Bulgarian graphic designer and tech CEO

Ana Kirova (born 1992) is Bulgarian graphic designer and business executive based in London. She is the chief executive officer of the dating app Feeld.

== Early life and education ==
Kirova was born in Bulgaria in 1992 and raised in Varna. Her father is a neurologist and her mother is in broadcasting. Kirov studied graphic design at London's University of Greenwich.

== Career ==
Before joining Feeld, Kirova worked as a freelance designer in London.

Kirova's bisexuality inspired boyfriend, Dimo Trifonov, to create the app Feeld (originally called 3nder or thrinder). In 2016, she joined the staff as an allrounder with no specific job title. In 2020, she became its Chief Product Officer. The same year, Trifonov stepped down as CEO citing a desire to focus on research and development.
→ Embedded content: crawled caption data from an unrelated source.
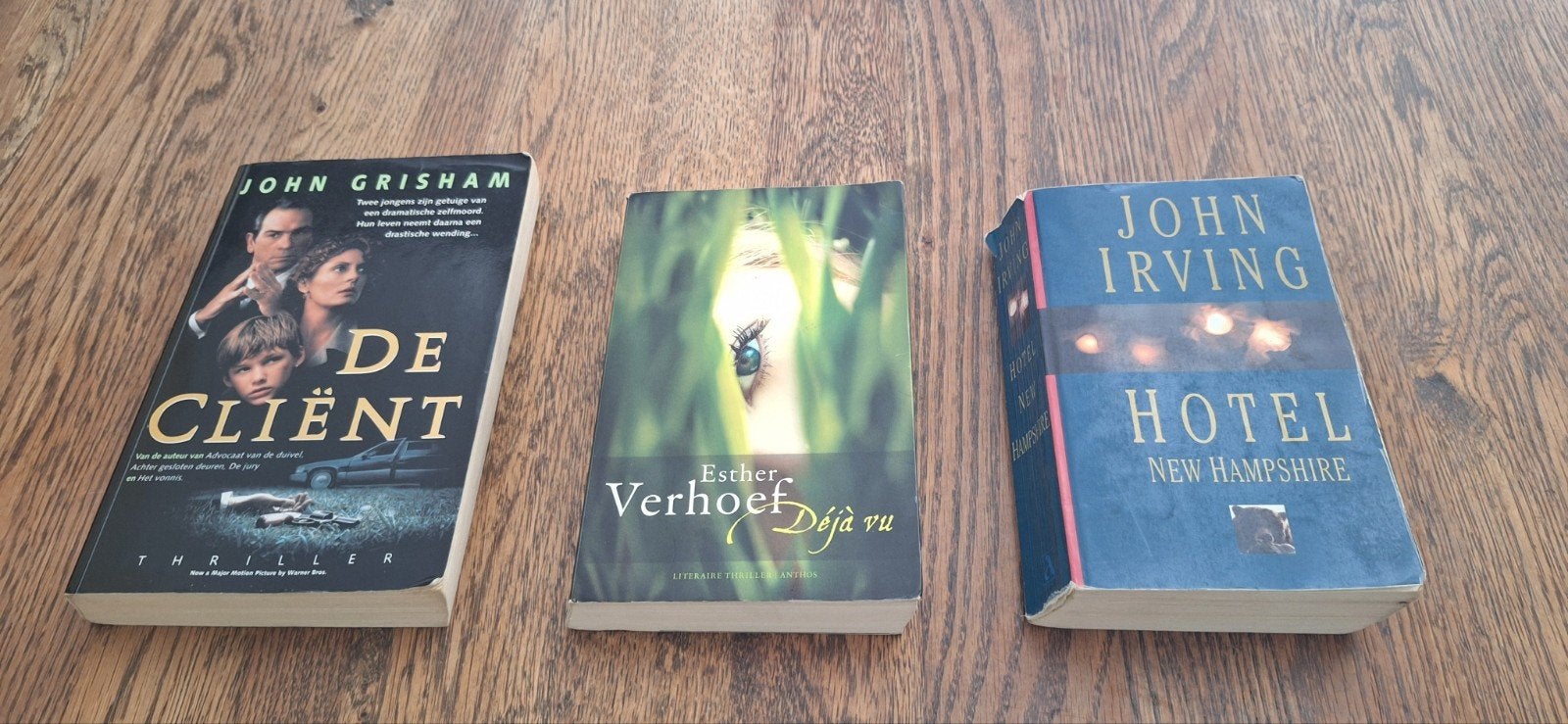 Boeken, Enlèvement ou Envoi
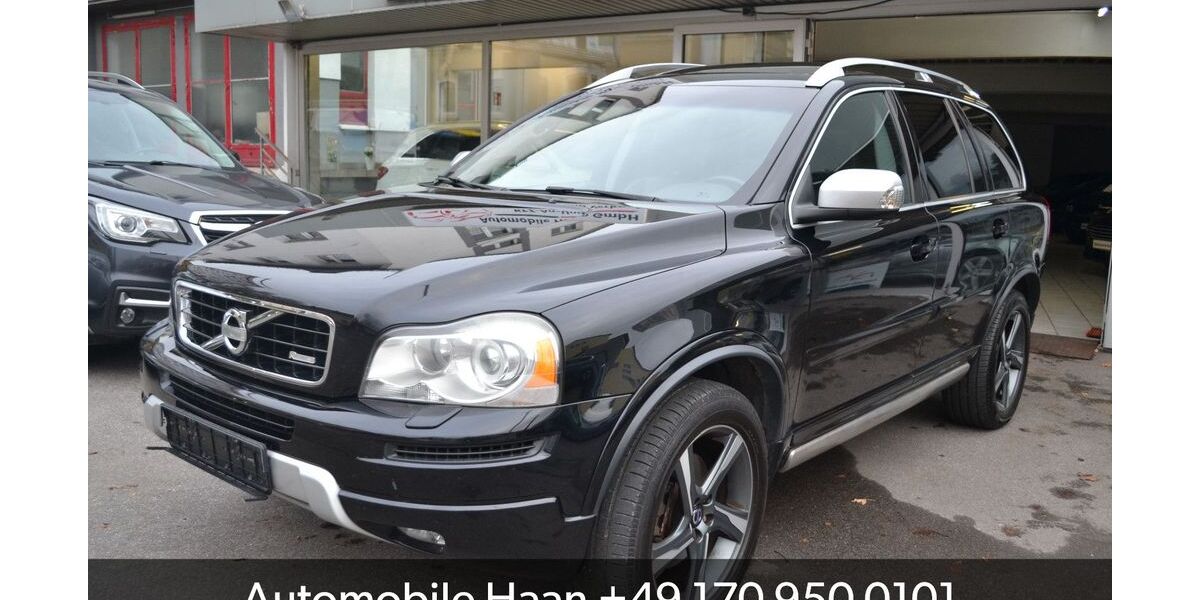 Volvo XC90 213.703 km 12.500 &euro; Solingen 42719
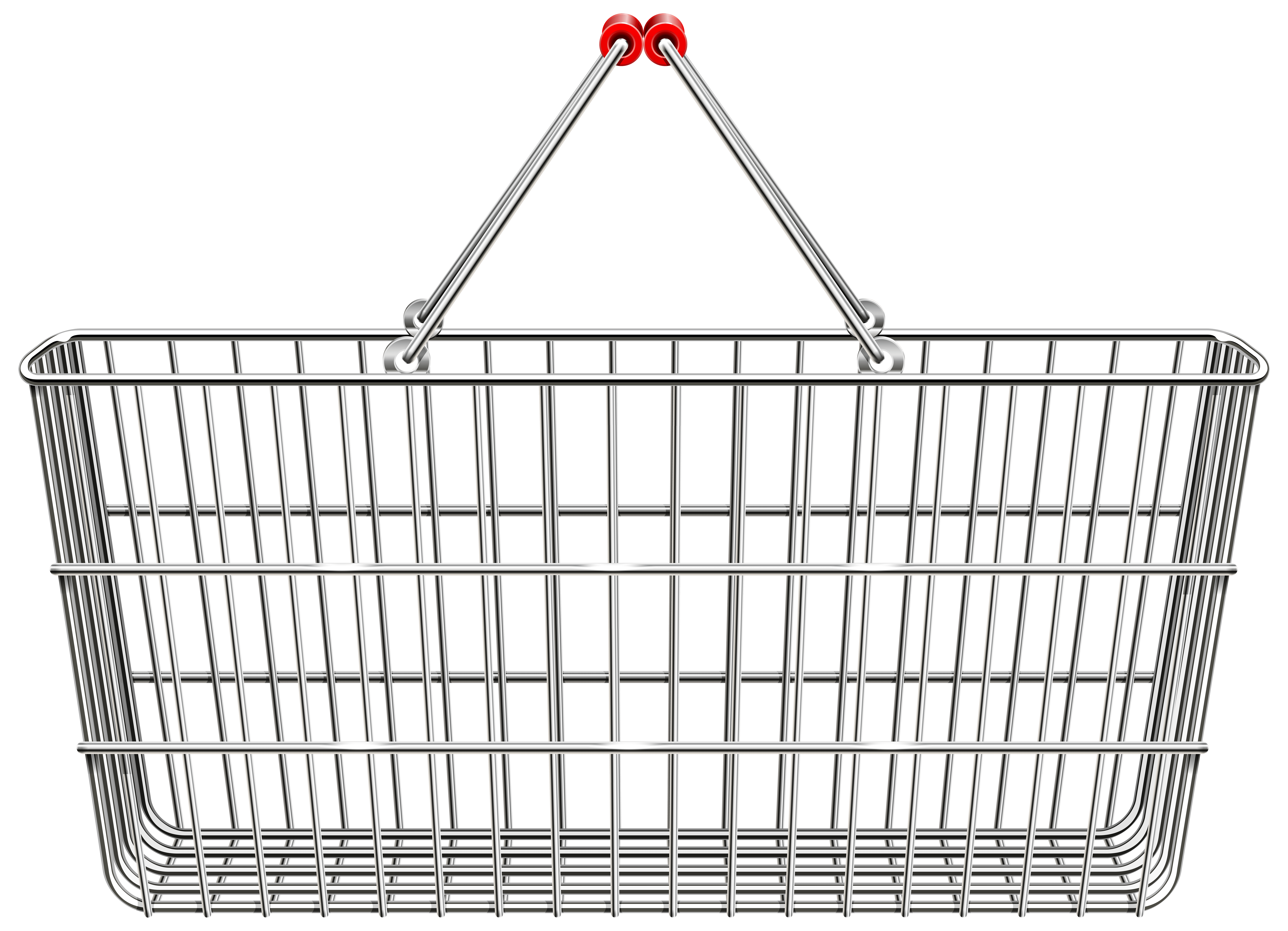 Shopping Basket Drawing - Shopping Basket Clipart 3 » Clipart Station ...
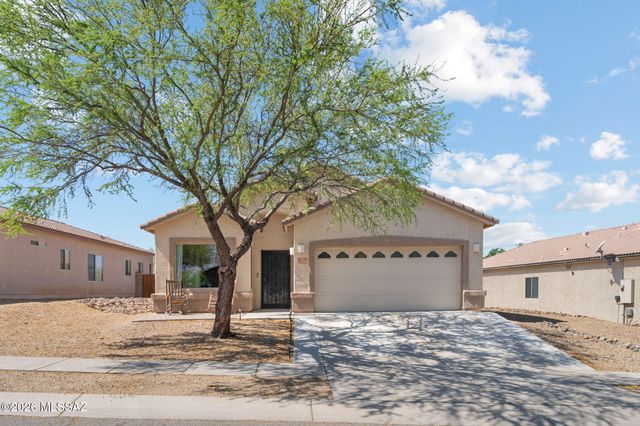 17630 S Bronze Mountain Pass, Vail, AZ 85641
The following year in April 2021, Kirova was appointed Chief Executive Officer of Feeld. The company has 40 odd staff, and approximately half of its leadership team are women. In November 2021, Kirova announced a minimum salary of £60,000 (approximately US $80,000) for all full-time employees. Between 2022 and 2025, Feeld doubled its revenue and the app is available in over 100 countries. In December 2023, she also became a director of the company.

== Personal life ==
Kirova lives in Europe with her partner, Trifonov, Feeld's founder and creative director.

== Awards and honours ==
- Kirova was named to Forbes 30 Under 30 Europe Class of 2022. In 2024, she was named to The Independent's E2E Tech 100 list.